La Cinquième tête de Cerbère

La Cinquième tête de Cerbère

Gene WOLFE
ROBERT LAFFONT

Bifrost n° 111

Critique parue en juillet 2023 dans Bifrost n° 111

Deuxième roman de Gene Wolfe après Operation Ares, La Cinquième tête de Cerbère est un fix-up composé de trois novellas très différentes les unes des autres sur la forme, mais qui pourtant entretiennent des liens étroits, tant par leur localisation – deux planètes jumelles, Sainte-Anne et Sainte-Croix, initialement colonisées par des Français – que par certains de ses personnages, et surtout par les thèmes qu’elles abordent. La première d’entre elles, qui donne son titre au roman, revient sur l’enfance du narrateur, baptisé Numéro Cinq par son père, et sur les événements qui l’ont amené à passer de longues années au bagne.
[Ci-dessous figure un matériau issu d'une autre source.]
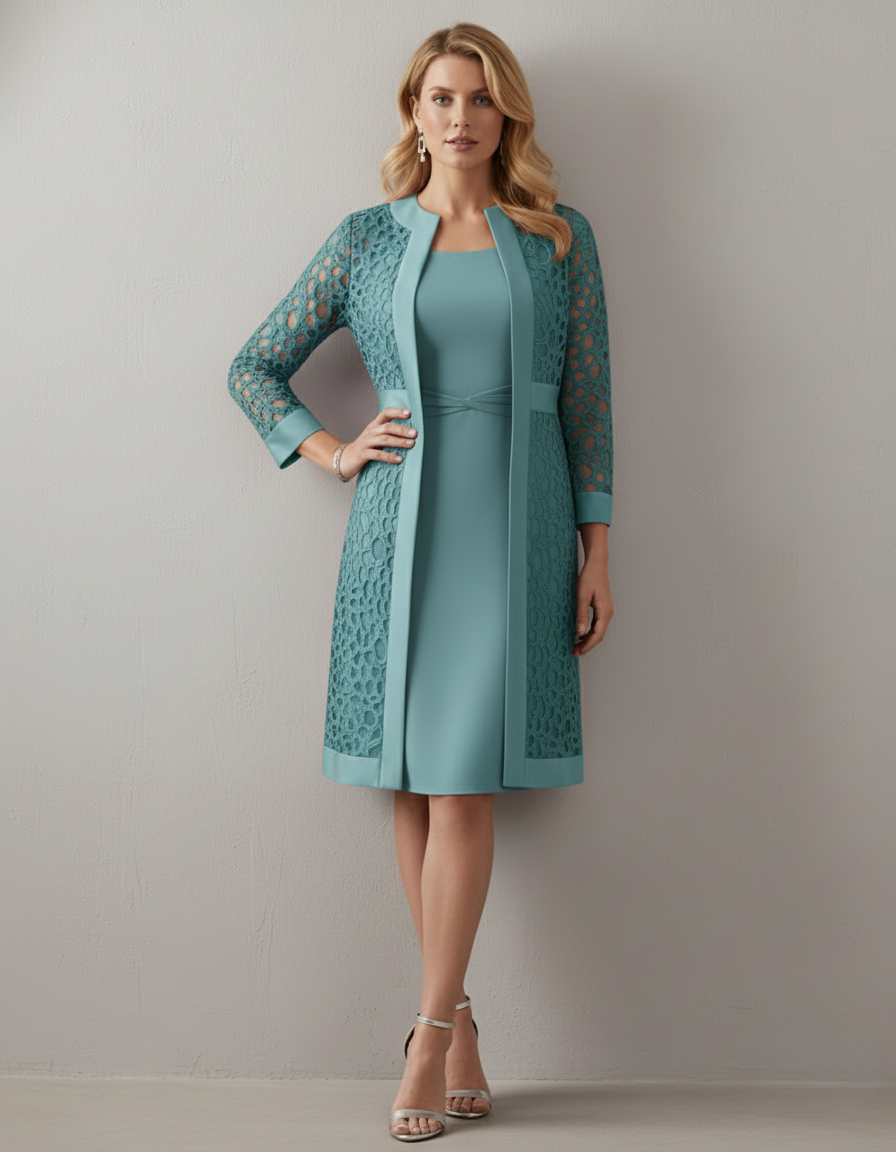 Lucy - Abito cardigan in pizzo da donna in due pezzi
L’écrivain plonge le lecteur dans une société à la fois familière et étrange, mélange de mœurs victoriennes et de rapports so- ciaux singuliers, de pratiques archaïques et de technologies futuristes, et où les formes les plus avan- cées de la science et de la génétique semblent être l’apanage de quelques savants fous reclus dans leurs laboratoires secrets. Dans sa manière de soulever quantité de questions sans forcément y apporter de réponses, Gene Wolfe donne ici le ton qui va s’imposer à l’ensemble du livre.
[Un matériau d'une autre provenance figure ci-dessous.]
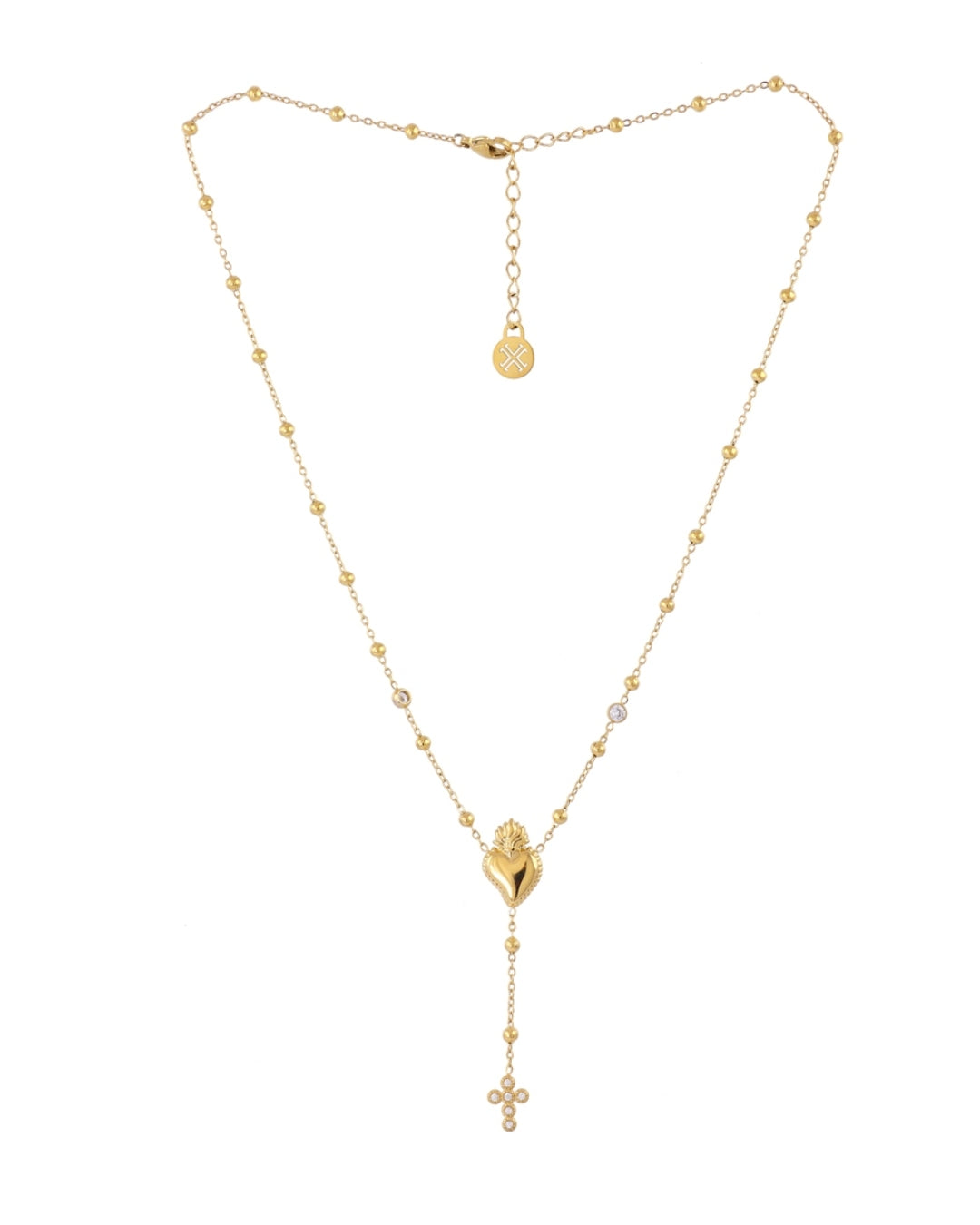 Steel Heart & Cross Lariat Necklace | Anartxy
« “Récit” par John V. Marsch », la deuxième novella, se présente comme une reconstitution de l’histoire des anciens habitants de Sainte-Anne, les abos, avant l’arrivée des premiers Terriens sur leur planète. À travers le périple de son personnage central, Coureur des sables, elle va peu à peu prendre des allures mythologiques pour raconter ce qu’était cette civilisation désormais disparue, sans que personne ne sache avec certitude ce qui lui est arrivé.
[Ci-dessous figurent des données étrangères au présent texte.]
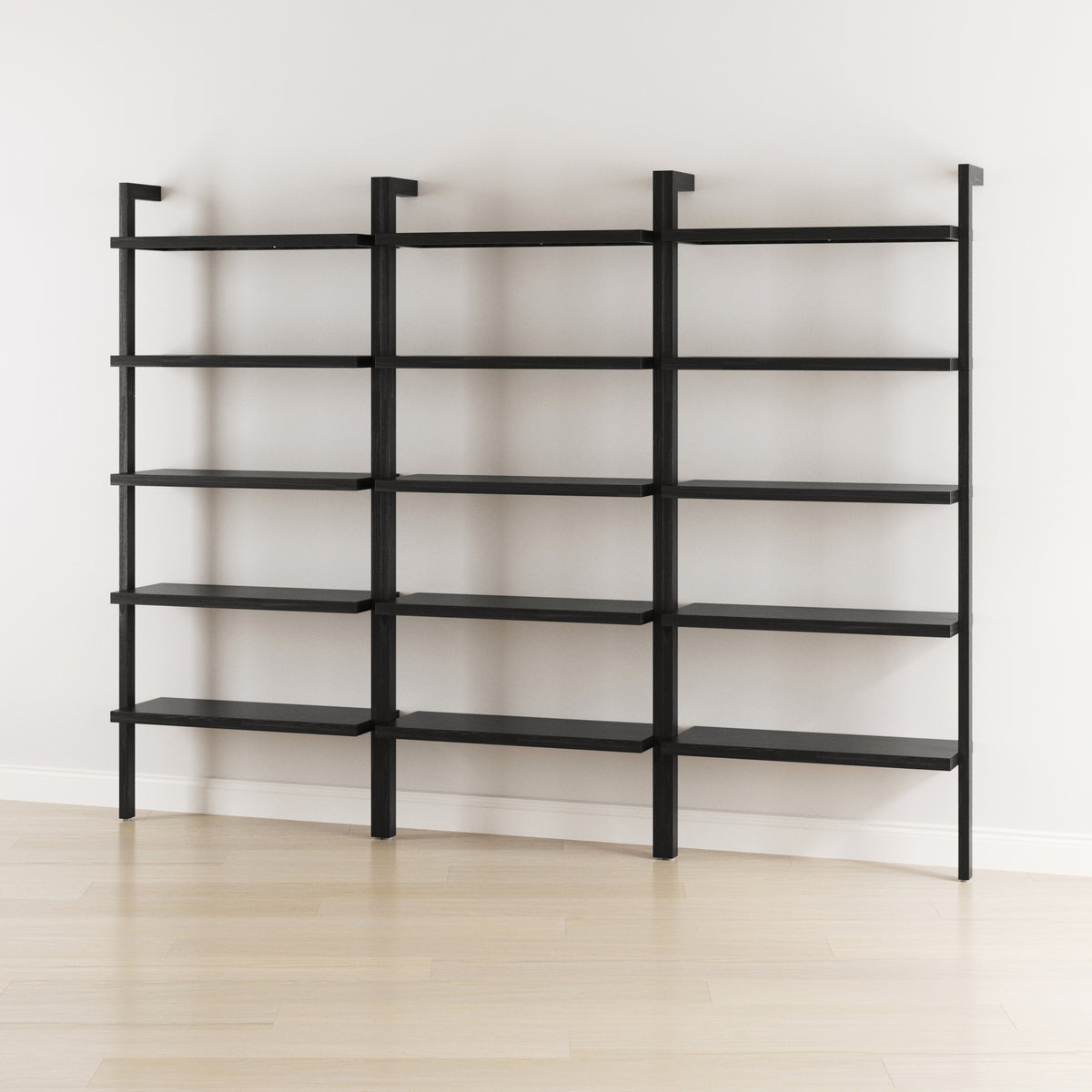 Wood 5 Tier Wall Mounted Bookshelf Black Oak (Set of 3) - Nathan James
John V. Marsch tient le rôle principal dans la dernière partie du livre, « V.R.T. », un récit puzzle composé d’extraits d’interrogatoires et de journaux intimes, dans lequel on découvre au fil des pages les tentatives de l’ethnologue pour retrouver la trace des abos disparus, et où chaque nouvelle révélation soulève d’autres questions.

La quatrième de couverture de l’édition originale du roman en « Ailleurs & demain » le qualifie de « livre étrange, subtil et attachant ». Autant d’adjectifs qui conviennent à la perfection à La Cinquième tête de Cerbère. Mais c’est également une œuvre qu’il est permis de trouver quelque peu frustrante, tant Gene Wolfe y soulève quantité d’interrogations auxquelles il se refuse à répondre. Ça n’est toutefois pas la sensation la plus prégnante qui subsiste au terme de cette lecture, tant l’absence de résolution(s) ne pèse pas lourd face à la richesse d’un texte en tous points singulier, empruntant autant à Vance qu’à Borges ou Kafka.